DATASET EXCERPT Start Marker

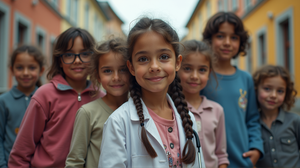 Svelare l'Invisibile: il 3,2% dei Bambini UE Privato di Cure Mediche Essenziali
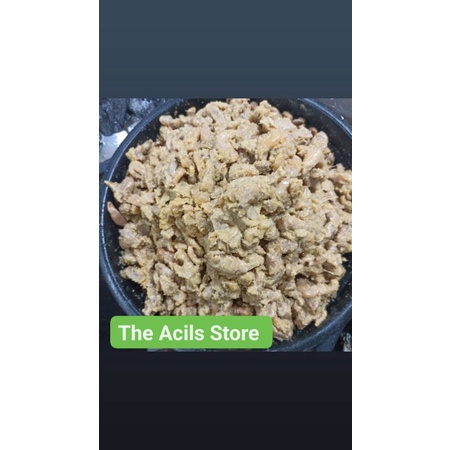 

Ikan Asin Intalu Wadi Biawan 500gr Ikan Kering Iwak Karing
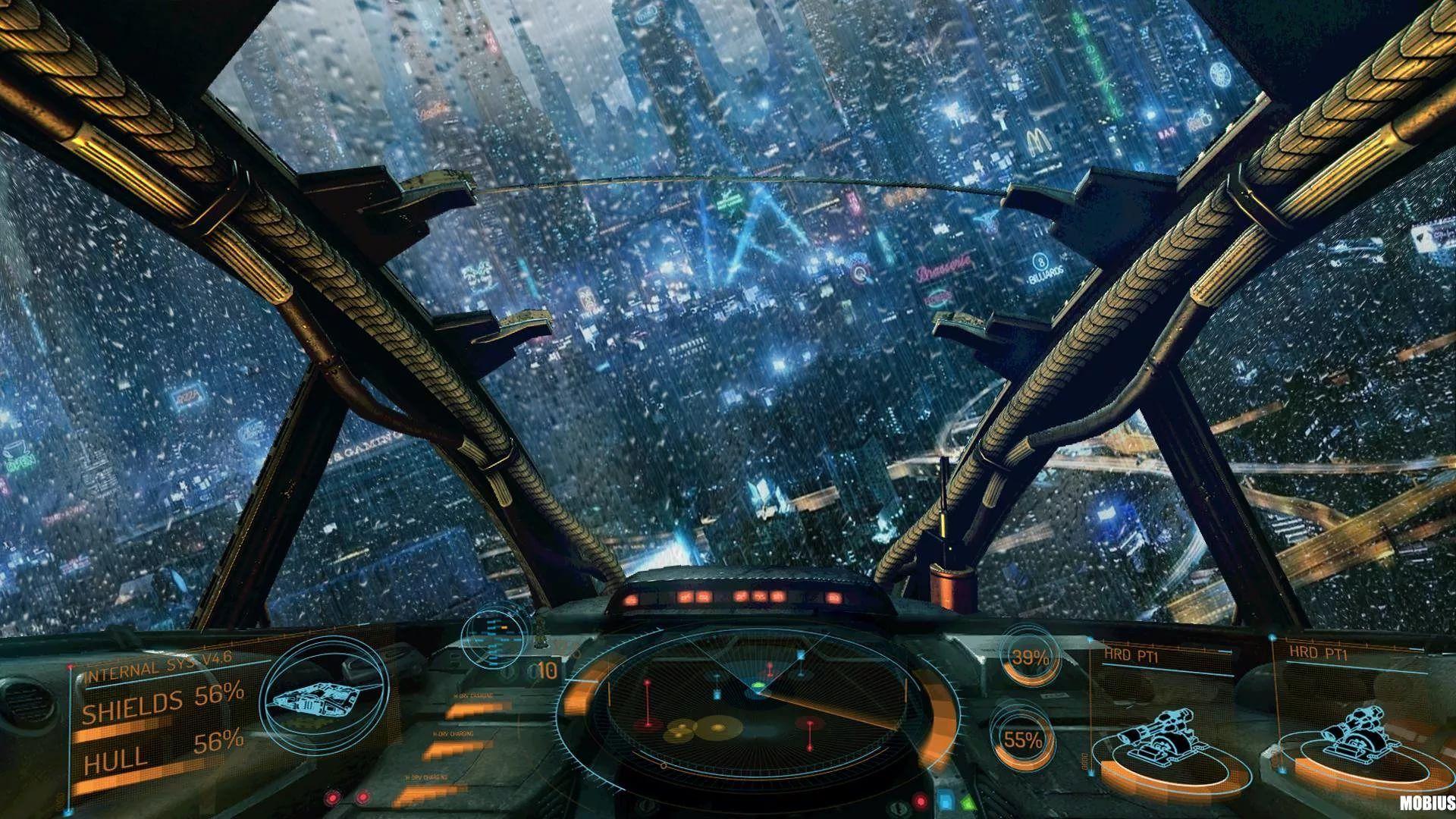 Elite Dangerous City Wallpapers Top Free Elite Dangerous City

DATASET EXCERPT End Marker

— WORK TO BE COMPLETED —
Reproduce the material exactly. Pictures stay out.

— OUTPUT —
 Svelare l'Invisibile: il 3,2% dei Bambini UE Privato di Cure Mediche Essenziali

Ikan Asin Intalu Wadi Biawan 500gr Ikan Kering Iwak Karing
 Elite Dangerous City Wallpapers Top Free Elite Dangerous City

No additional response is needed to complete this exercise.